Connexins and electrical synapses in the retina

视网膜中的连接蛋白和电突触

• 批准号: 6927113
• 负责人: DAVID L PAUL
• 金额: $ 25.43万
• 依托单位: HARVARD MEDICAL SCHOOL
• 依托单位国家: 美国
• 财政年份: 2004
• 资助国家: 美国
• 起止时间: 2004-08-01 至 2008-06-30
• 项目状态: 已结题
• 来源: https://reporter.nih.gov/project-details/6927113
• 关键词: amacrine cells; cone cell; gap junctions; gene expression; genetically modified animals; horizontal cell; immunocytochemistry; in situ hybridization; laboratory mouse; neural transmission; polymerase chain reaction; retina; retinal bipolar neuron; retinal ganglion; rod cell; synapses

DESCRIPTION (provided by applicant): In the retina, gap junctions are established by many cell types and may participate in retinal circuitry in a variety of ways. Gap junctions are composed of connexins, encoded by a >20-member family of highly related genes. Only one of these, connexin36 (Cx36), has been conclusively demonstrated in retinal neurons. Using a Cx36 knockout (KO) mouse incorporating a histochemical reporter, we found Cx36 to be present in most or all All amacrine cells, many photoreceptors, subsets of ON and OFF cone bipolar cells and a low number of ganglion cells. However, horizontal cells and many ganglion cells establish gap junctions yet do not express Cx36. Using RT-PCR, we have found Cx45 and Cx57 to be prominently expressed in mouse retina. We propose to characterize the cellular distribution of these connexins and determine if other gap junction channel-forming proteins may be present in retinal neurons. Many lines of evidence indicate that rod photoreceptor signals utilize multiple pathways to reach ganglion cells. In our Cx36 KO, ON ganglion cell responses to scotopic stimuli are completely eliminated, indicating that Cx36 is required in all pathways contributing to rod ON signaling. We showed that gap junctional coupling between AII and cone ON bipolar cells, the presumed 'primary' pathway for rod photoreceptor signaling, was abolished in the KO. Since a proposed 'alternative' pathway involved gap junction between rods and cones, and since we found Cx36 expression in photoreceptors, our findings were consistent with the proposed 'alternative' pathway. However, recent studies of retinas from mice genetically altered to lack cones suggest that rod-cone coupling does not contribute to rod photoreceptor signaling. In addition, it has not been technically feasible to measure junctional coupling between photoreceptors in mouse retinas. Therefore, to resolve the discrepancy between current models of the 'alternative' pathway, we will 1) develop a method to directly assess rod-cone coupling in WT and Cx36 KO mice and 2) produce conditional knockouts that eliminate Cx36 specifically from either cones or from AII amacrine cells. Then, ganglion cell responses to light can be assessed in retinas where either primary or alternative pathways are ablated.
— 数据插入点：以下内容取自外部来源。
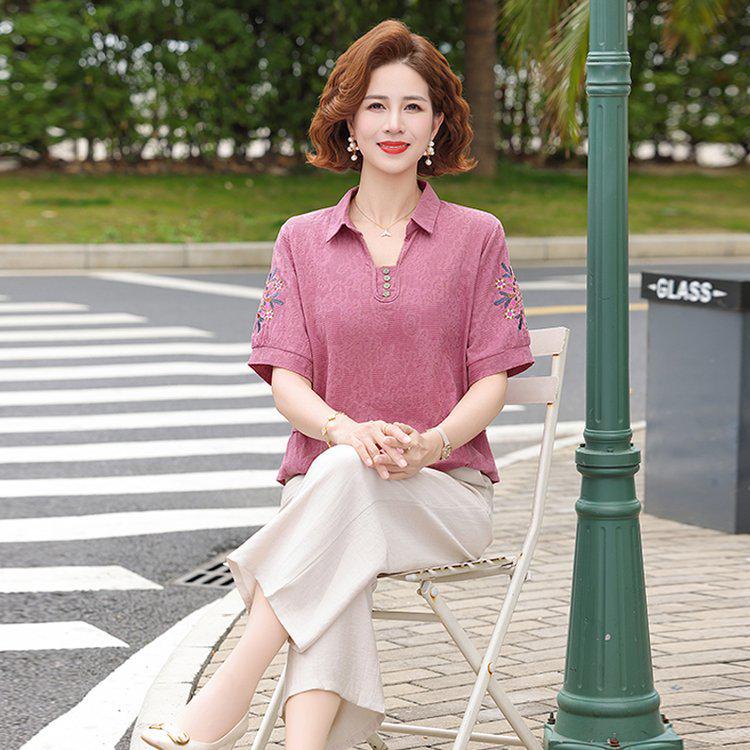 Women's Casual Summer Lapel T-Shirt - Short-Sleeved, Thin, Loose Fit for Middle-Aged and Elderly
描述（由申请人提供）：在视网膜中，差距连接是由许多细胞类型建立的，可能会以多种方式参与视网膜电路。间隙连接由连接蛋白组成，由> 20人的高度相关基因家族编码。在视网膜神经元中最终证明了其中一个，即connexin36（CX36）。使用结合了组织化学记者的CX36敲除（KO）小鼠，我们发现CX36存在于大多数或所有无链氨酸细胞中，许多光感受器，On和Off锥双极细胞的子集以及较少的神经节细胞。然而，水平细胞和许多神经节细胞会建立间隙连接，但未表达CX36。使用RT-PCR，我们发现CX45和CX57在小鼠视网膜中突出表达。我们建议表征这些连接素的细胞分布，并确定视网膜神经元中是否可能存在其他间隙连接通道形成蛋白。 许多证据表明，杆感光器信号利用多个途径到达神经节细胞。在我们的CX36 KO中，完全消除了对神经节细胞对Scotopic刺激的反应，这表明在所有促成杆的信号传导的途径中都需要CX36。我们表明，在KO中废除了双极细胞上AII和锥之间的间隙连接耦合，即假定的杆光感受器信号传导的“主要”途径。由于提出的“替代”途径涉及杆和锥之间的间隙连接，并且由于我们在光感受器中发现CX36表达，因此我们的发现与所提出的“替代”途径一致。然而，对缺乏锥体的小鼠的视网膜的最新研究表明，杆孔耦合并不促进杆感光受体信号传导。此外，在小鼠视网膜中测量光感受器之间的连接耦合在技术上是不可行的。因此，为了解决“替代”途径的当前模型之间的差异，我们将开发一种直接评估WT和CX36 KO小鼠中的杆锥耦合的方法，以及2）产生有条件的敲除，以从锥形或AII amacrine细胞中取消CX36，以消除CX36。然后，可以在烧毁一级或替代途径的视网膜中评估神经节细胞对光的反应。